Indagine sul nazionalismo cristiano

La Chiesa Presbiteriana in America ha votato la costituzione di un comitato che studi l’influenza del nazionalismo all’interno della confessione teologicamente conservatrice

 

Giovedì 26 giugno, la 52esima Assemblea generale della Chiesa Presbiteriana in America (PCA), che si è svolta a Chattanooga, Tennessee, ha approvato con una significativa maggioranza (1.708 voti favorevoli e solo 28 contrari) due proposte relative alla questione dello studio del nazionalismo cristiano.

La proposta n. 3, intitolata “Istituire un Comitato ad Interim sul Nazionalismo Cristiano” e avanzata dal Presbiterio dell’Arizona, chiedeva la creazione di un comitato per «studiare il rapporto tra nazionalismo cristiano, ricostruzionismo teocratico e punti di vista simili ritenuti necessari dal comitato».
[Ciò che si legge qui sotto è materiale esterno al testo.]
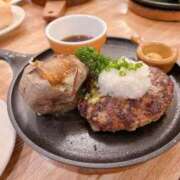 ヒメ日記 2025/08/02 07:13 投稿 るい ビデオdeはんど 横浜校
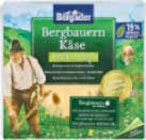 Netto Marken-Discount Zirchow - Käsescheiben Angebot im Prospekt Käsescheiben bei Netto Marken-Discount im Zirchow Prospekt für 1,49 €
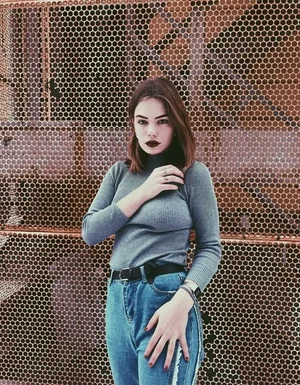 Jessie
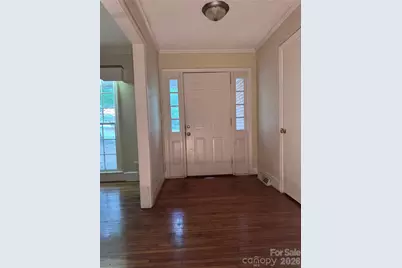 1713 White Store Road, Monroe, NC 28112 - Photo 4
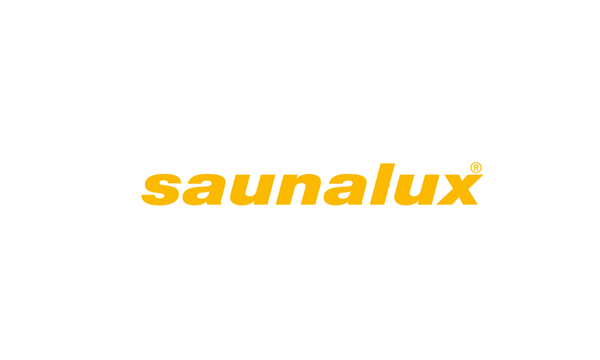 Saunalux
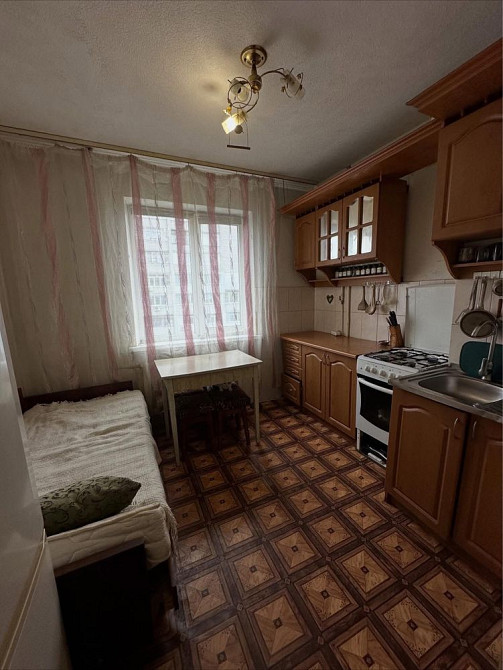 Продаж 1-но.кім. 4- мікрорайон Біла Церква - зображення 2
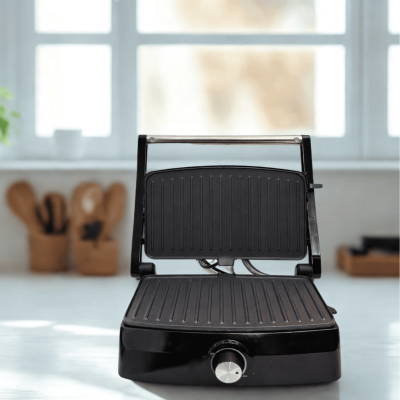 Toster – Grill HOFFMANS – HM-3044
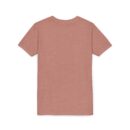 Life is a Circle Youth Short Sleeve Tee, Kids Graphic Tee, Fun Summer Shirt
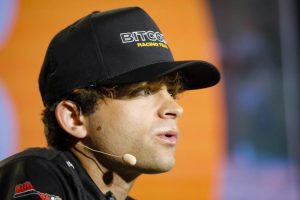 Tether’s $XXI Merger Signals Bitcoin’s Shift From Treasury to Operations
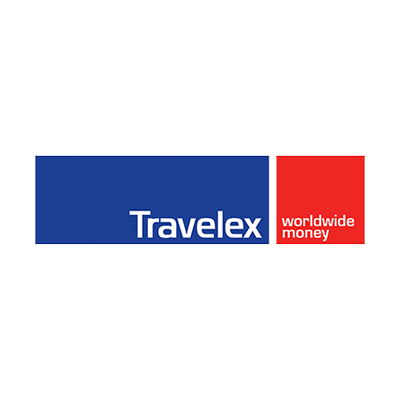 Travelex forex rates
«Inoltre – si leggeva nella proposta – il comitato dovrà fornire un parere sulla conformità di questi punti di vista e formulazioni con il sistema dottrinale insegnato negli Standard di Westminster o su dove possano divergere da esso. (…) Il comitato dovrà redigere un rapporto che fornisca indicazioni pastorali per rivolgersi alle congregazioni, ai nuovi membri e ai futuri dirigenti della PCA».

 

La proposta 4, intitolata “Istituire un Comitato di Studio ad Interim sul Nazionalismo Cristiano”, presentata dal Presbiterio del Sud Texas, ha rilevato che all’interno della PCA si è svolto un dibattito sul «rapporto tra Chiesa e Stato che si è sviluppato sotto l’ampio termine di Nazionalismo Cristiano».

«C’è stato disaccordo e confusione riguardo a ciò che questi diversi punti di vista insegnano effettivamente; queste differenze hanno causato confusione, divisione e dissenso tra i fedeli delle chiese della PCA e hanno turbato i pastori e i leader della PCA», spiegava la proposta.

«Inoltre, il comitato dovrà esprimere un parere sulla conformità di questi punti di vista e formulazioni con il sistema dottrinale insegnato negli Standard di Westminster o su eventuali divergenze».

 

In questi ultimi anni il termine “nazionalismo cristiano” è stato oggetto di ampio dibattito nella politica americana moderna, spesso identificato come la fusione tra fede cristiana e patriottismo americano.

I conservatori cristiani hanno sostenuto che il termine “nazionalismo cristiano” sia semplicemente una diffamazione nei confronti dei cristiani che si impegnano nella difesa di principi conservatori. Durante una tavola rotonda ospitata dal Christian Post lo scorso agosto, Bunni Pounds, che ha prestato servizio per 16 anni come consulente politico per i membri del Congresso prima di fondare il gruppo di advocacy politica Christians Engaged, osservava che il termine “nazionalismo cristiano” viene quasi sempre utilizzato nei media per riferirsi al sostegno dei cristiani conservatori, ma non viene mai utilizzato nel contesto dei cristiani progressisti le cui convinzioni religiose ispirano la loro attività politica.

«Si parla sempre della destra evangelica e del nostro impegno a mobilitare gli elettori per i nostri valori pro-famiglia e pro-vita, ma non si parla mai della sinistra progressista che usa le chiese per mobilitare gli elettori cristiani», ha affermato. «Quindi l’etichetta di nazionalismo cristiano viene appiccicata ai cristiani evangelici, credenti nella Bibbia, pro-vita e pro-famiglia, e nessun altro cristiano viene etichettato in altro modo», ha aggiunto Pounds. «Quindi è questo il problema, giusto? Non stiamo parlando di mobilitazione degli elettori, ma di come noi veniamo etichettati per il nostro impegno a mobilitarli».

 

I progressisti, tra cui Amanda Tyler, direttrice esecutiva del Baptist Joint Committee, hanno denunciato il nazionalismo cristiano in quanto «in contrasto con il principio fondamentale del cristianesimo, ovvero che Gesù Cristo è il Signore», e in quanto «pervasivo in tutta la società americana». «Il nazionalismo cristiano esige la massima lealtà al potere politico piuttosto che a Dio. E quindi può diventare idolatrico», ha dichiarato Tyler al Christian Post in un’intervista del 2021.